The accompanying music video for the song was directed by Eric Welch.

==Content==
In the song, the male narrator states that he is "hard to love" and questions why his lover still tolerates him. Co-writer Ben Glover said, "We thought we’d write a classic song about dudes saying, ‘You know I’m kind of a pain in the ass.’ We said, ‘Let’s just talk about ourselves in the song'".

==Critical reception==
Billy Dukes of Taste of Country gave "Hard to Love" three and a half stars out of five, writing that "the song doesn’t come to life as easily as some others Brice has performed or written" but "Brice should have no trouble finding his way up the charts." Ashley Cooke of Roughstock gave the song four stars out of five, saying that "although Brice didn’t write this song, he’s done a great job at finding one that fits his sound and his style."

==Music video==
The music video was directed by Eric Welch and premiered in April 2012. A pop version of this song was released on April 11, 2014.

== Official versions ==

- Album version (3:40)
- Pop version (3:33)
- Acoustic version (3:07)

==Chart performance==
"Hard to Love" debuted at number 51 on the U.S. Billboard Hot Country Songs chart for the week of May 26, 2012. The song became Brice's second number one hit on Country Airplay for the week of November 10, 2012, where it stayed for two weeks.

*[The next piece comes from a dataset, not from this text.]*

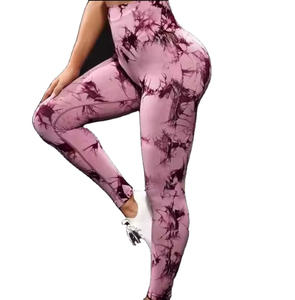 Ensemble de leggings de sport en coton 100% de haute qualité, sublimation, pantalons de yoga bio, soie, durable, taille personnalisable - Product Image 4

| Chart (2012) | Peak position |
|---|---|
| Canada Hot 100 (Billboard) | 51 |
| Canada Country (Billboard) | 2 |
| US Billboard Hot 100 | 27 |
| US Country Airplay (Billboard) | 1 |
| US Hot Country Songs (Billboard) | 4 |

===Year-end charts===

| Chart (2012) | Position |
|---|---|
| US Billboard Hot 100 | 95 |
| US Hot Country Songs (Billboard) | 18 |

| Chart (2013) | Position |
|---|---|
| US Hot Country Songs (Billboard) | 68 |

==Certifications==

| Region | Certification | Certified units/sales |
| Canada (Music Canada) | Platinum | 80,000^{*} |
| United States (RIAA) | 5× Platinum | 5,000,000^{‡} |
^{*} Sales figures based on certification alone. ^{‡} Sales+streaming figures based on certification alone.